Length: Given different people's styles, length is hard to estimate, but generally the best exams have more writing. Most of the 2005 midterms had around a dozen paragraphs.

Spacing: No need to double-space, but OK if you do. I convert all electronic copies to single-space for reading onscreen.


Purposes, organization, evaluation, and audience

Purposes: Overall, you should show that you can comprehend and explain the course's contents while developing and expressing related interests of your own. Language and content should combine course texts and objectives with your own style, backgrounds, experiences, readings, and personal understandings.

Organization: Write either one complete essay or two shorter essays covering the two aspects of the assignment. In summer 2005 everyone ended up writing a single essay, but I can't remember now if that was agreed on or a coincidence.
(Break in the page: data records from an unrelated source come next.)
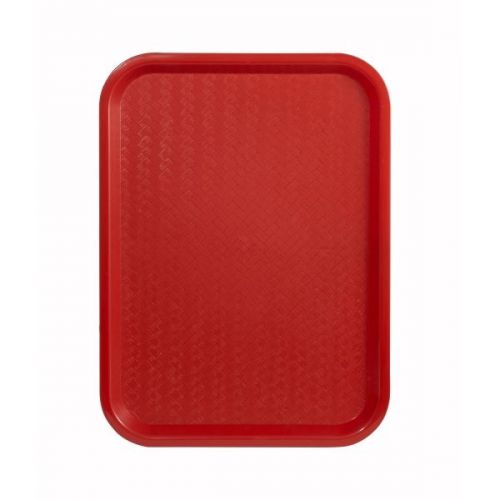 12 Winco FFT-1216R Fast Food Serving Trays 12&#034; x 16&#034; Red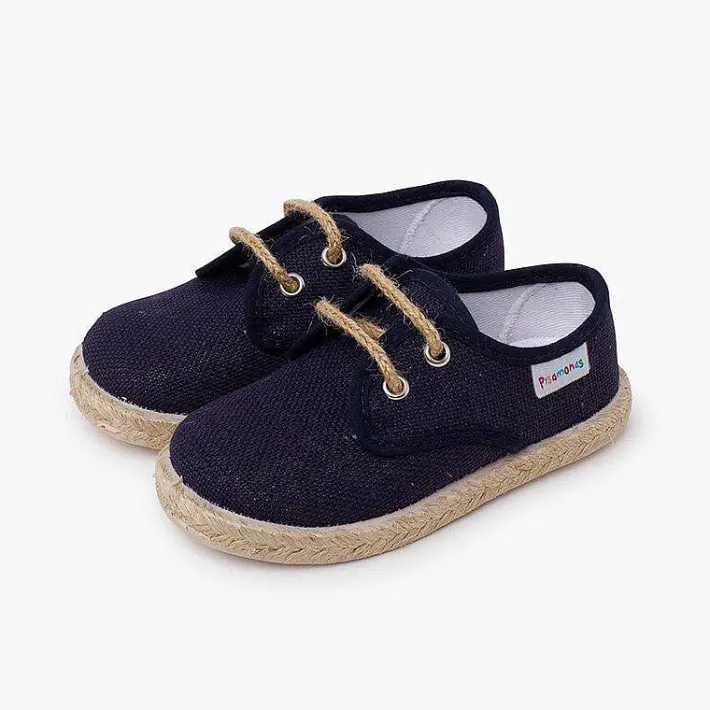Pisamonas Trainers>Linen Bluchers With Jute Laces And Sole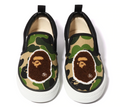 A BATHING APE BAPE KIDS ABC CAMO APE HEAD PATCH SLIP ON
Evaluation standards: As in most Literature courses, quality of reading and writing is the key to judging excellent work from competent work--not just reproducing data but organizing it into a unified, compelling essay.

"Compelling" refers to the quality of your thought, which will be evident but is difficult to criticize. What is criticized is the "unified" aspect. Thematic unity, continuity, and transitions are essential. The best exams connect parts to form larger ideas. Pause between paragraphs to review what you've written or to preview what comes next. Summarize. Explain. Review and preview.
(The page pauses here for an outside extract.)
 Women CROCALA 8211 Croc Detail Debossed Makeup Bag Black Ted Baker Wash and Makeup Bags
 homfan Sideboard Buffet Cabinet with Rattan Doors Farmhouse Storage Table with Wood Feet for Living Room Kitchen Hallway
At the graduate level, surface qualities like spelling, punctuation, and grammar are taken for granted. An occasional careless error won't kill your grade, given the time pressures, but repeated or chronic errors will be remarked and factored.

Audience: Welcome to identify and address a hypothetical audience of your own, like another classroom or book group, but such a move is not expected or required. Otherwise write so that someone in our seminar could recognize your terms and explanations and enjoy your personal contributions and style. Future students may read your essays in our "Model Assignments." But keep the instructor in sight--connect with shared terms and texts, and "write up" in terms of organization and ambition of thought.


Midterm Content / Assignment: Write either one long essay or two medium-length essays on the following topics.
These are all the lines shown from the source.